DataStax Enterprise - Apache Cassandra with Apache Spark - Sensor Data Ingestion

Demonstrate high speed ingestion of sensor data

This demo demonstrates how data can be streamed to a Spark receiver listening to a network port. The demo consists of three parts:

netCat - a data generator written in Java
SparkIngest - a Spark streaming job written in Scala
casChart - simple way to visualise simple data using java

Pre-Requisites

DataStax Enterprise (release 5.0.2 at time of publication)

You'll need a working installation of DataStax Enterprise.

Ubuntu/Debian - https://docs.datastax.com/en/datastax_enterprise/5.0/datastax_enterprise/install/installDEBdse.html
Red Hat/Fedora/CentOS/Oracle Linux - https://docs.datastax.com/en/datastax_enterprise/5.0/datastax_enterprise/install/installRHELdse.html

To setup your environment, you'll also need the following resources:

Install sbt

sbt is the Scala Build Tool

echo "deb https://dl.bintray.com/sbt/debian /" | sudo tee -a /etc/apt/sources.list.d/sbt.list
sudo apt-key adv --keyserver hkp://keyserver.ubuntu.com:80 --recv 642AC823
sudo apt-get update
sudo apt-get install sbt

Install code dependencies

http://xeiam.com/xchart-example-code/
http://slf4j.org/dist/slf4j-1.7.10.tar.gz
http://downloads.datastax.com/java-driver/cassandra-java-driver-2.0.2.tar.gz
cassandra-driver-core-2.1.0.jar
netty-3.9.0-Final.jar
guava-16.0.1.jar
metrics-core-3.0.2.jar

See build.sbt for more details.

Useful Linux tool - `locate`

You can use this to easily locate files on disk.
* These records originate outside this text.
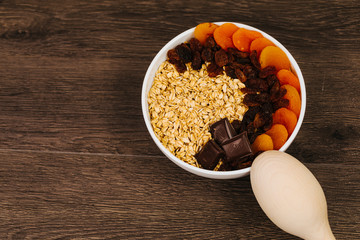 Bowl of oatmeal porridge with chocolate and caramel sauce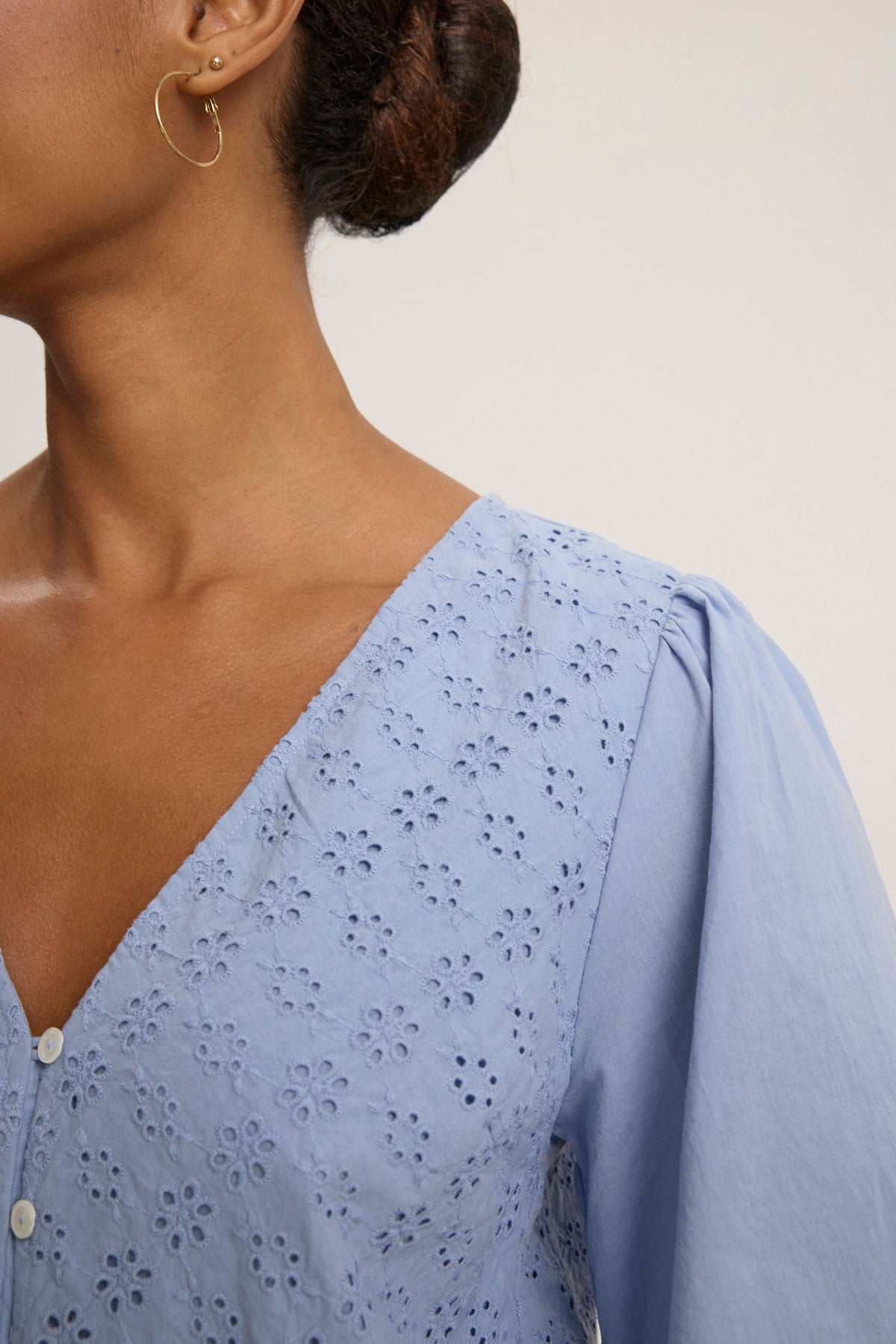 A woman wearing the NELLI EYELET DRESS by Velvet by Graham & Spencer, a light blue embroidered cotton dress with a V neckline, and hoop earrings, shown from the shoulders up against a plain background.-39123388989633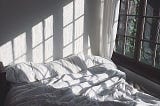 Sunlight streaming in the window, casting shadows on an unmade bed with white sheets.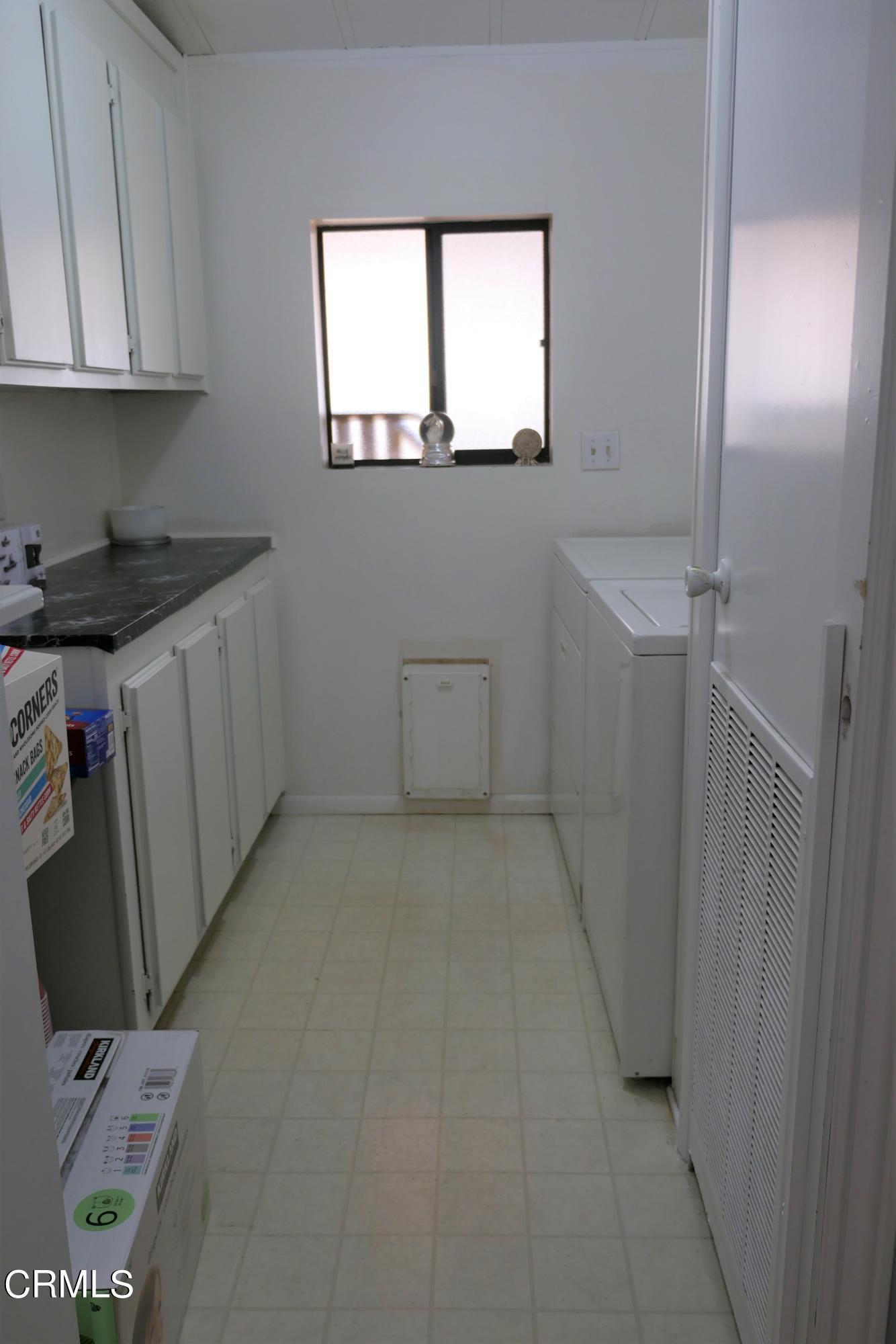 481 Raspberry Place, Unit 112 Oxnard, CA 93036 - Photo 14 of 18 a bathroom with a sink a toilet and window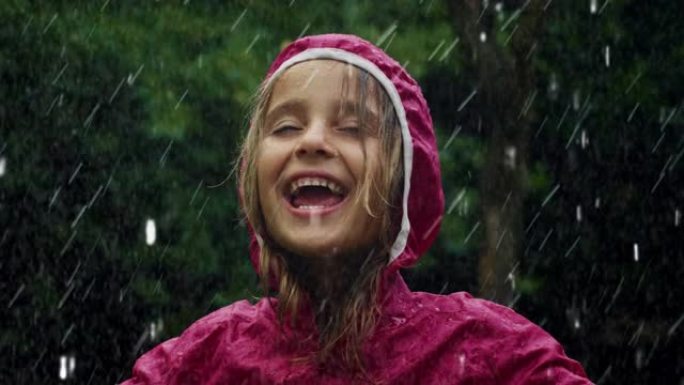 一个穿着粉红色雨衣的快乐小女孩在雨中快乐地站着，被大自然和树木包围着。感恩雨水的祝福，对可持续发展的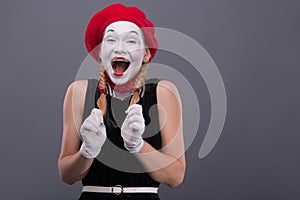 Portrait of female mime with red hat and white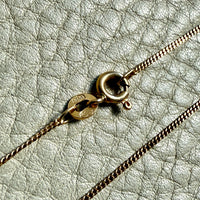 Gold chain necklace on a textured light gray surface
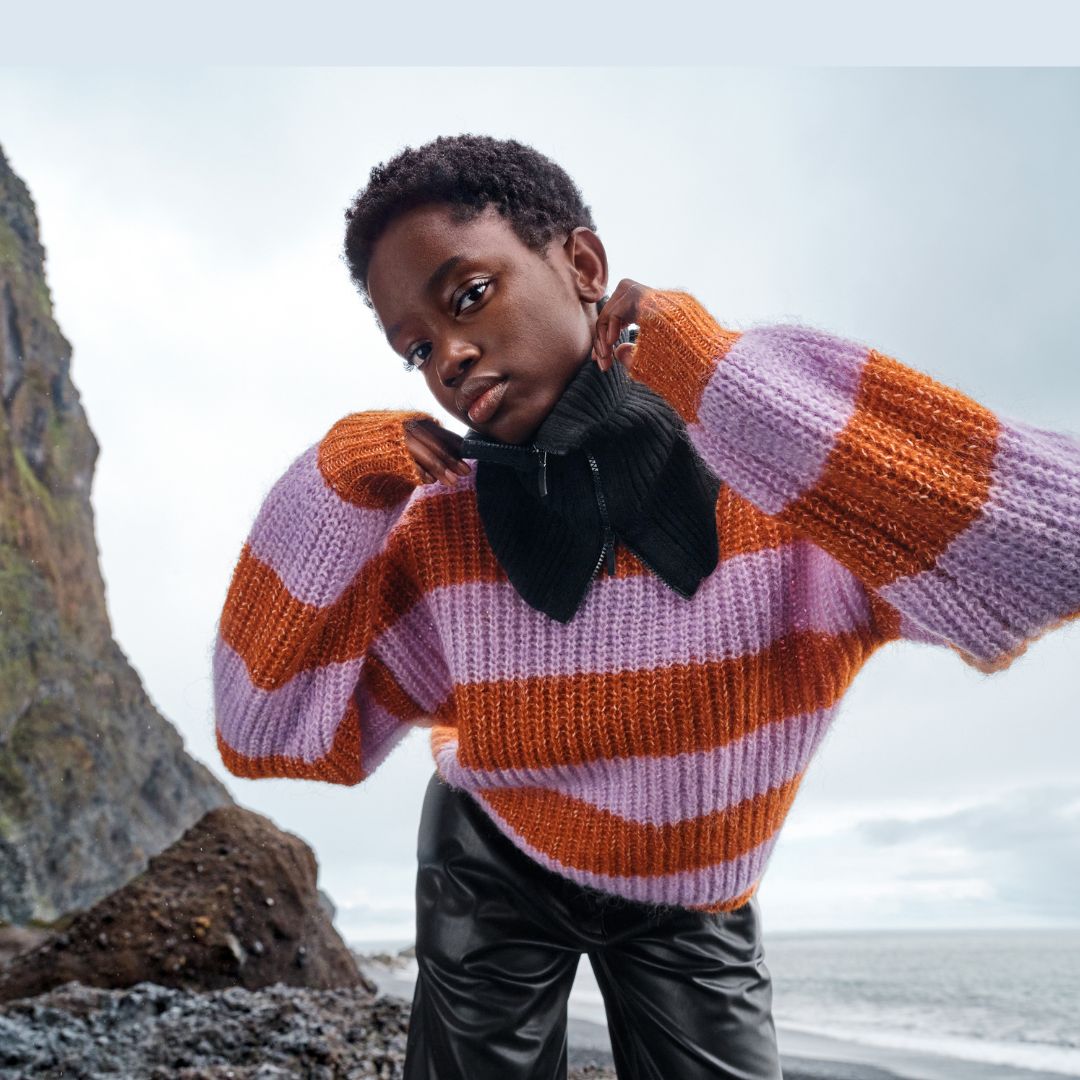 Selected Femme model show the new pullovers for AW 22-23 on a beach with foggy weather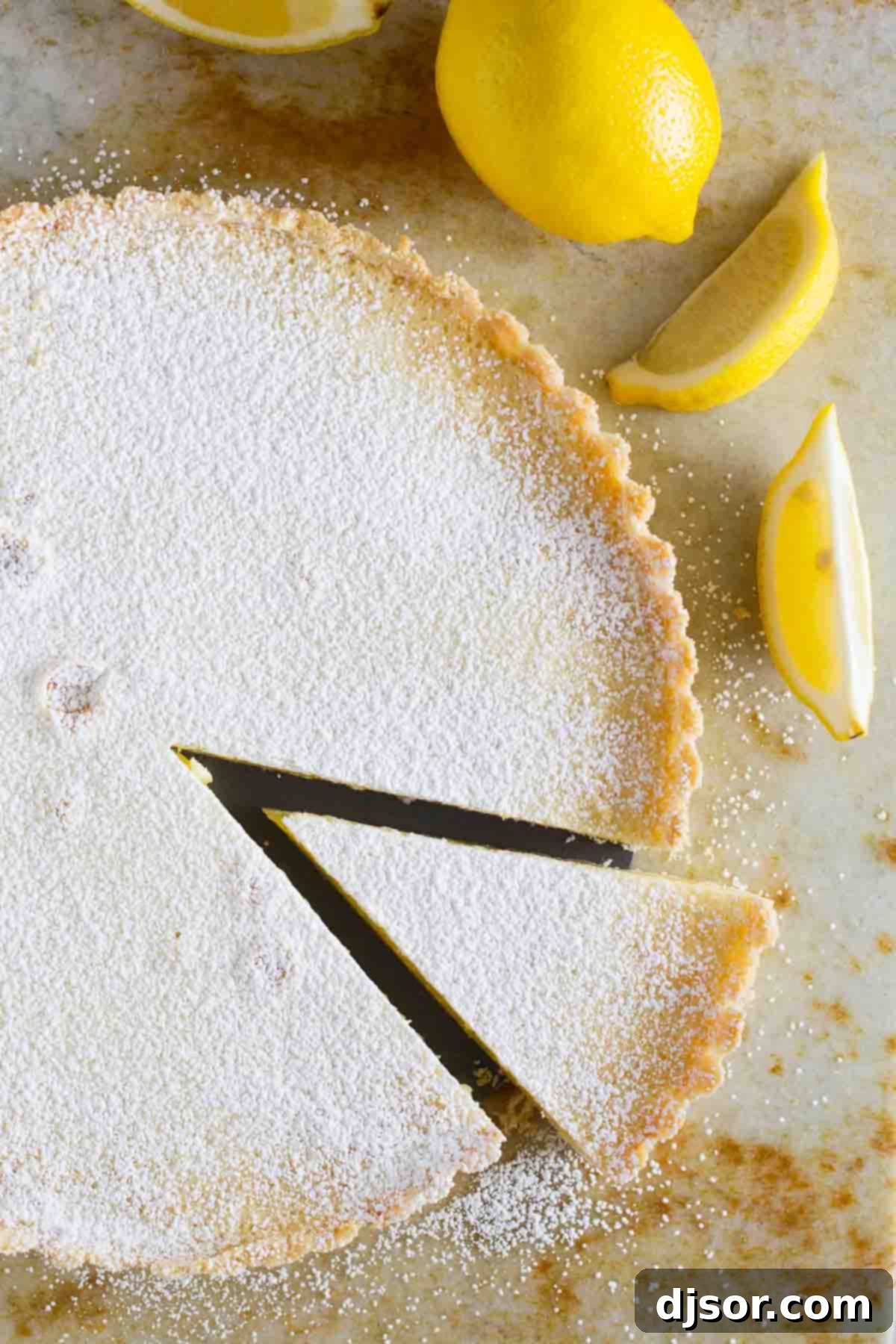 A Shortbread Lemon Tart with a single perfect slice removed, revealing the smooth, sun-yellow filling and the crisp, golden crust beneath.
I like it.

apt-get install locate

Then scan the filesystems for the first time to set up locate.

updatedb

Thereafter find any file using e.g.:

locate <file to find>

Exercise 1 - send data by hand

Open three terminal windows. First you'll need to clone the repo in one of the windows.

$ git clone https://github.com/simonambridge/SparkSensorData

Now navigate to the repo directory in each of the windows:

$ cd ~/SparkSensorData
$ pwd
~/SparkSensorData

In one window check that you can build the package from the command line using sbt:

$ sbt package
[info] Loading project definition from /home/dse/Simon-demo/project
[info] Set current project to SparkPortStream (in build file:/home/dse/Simon-demo/)
[info] Compiling 1 Scala source to /home/dse/Simon-demo/target/scala-2.10/classes...
[info] Packaging /home/dse/Simon-demo/target/scala-2.10/sparkportstream_2.10-1.0.jar ...
[info] Done packaging.
[success] Total time: 9 s, completed Mar 21, 2015 2:28:15 PM

It's important to do the steps in the right order. This is what we are aiming for:

First we will start the Linux nc (netcat) utility - nc allows us to send data to a port. We will use port 9999 for this.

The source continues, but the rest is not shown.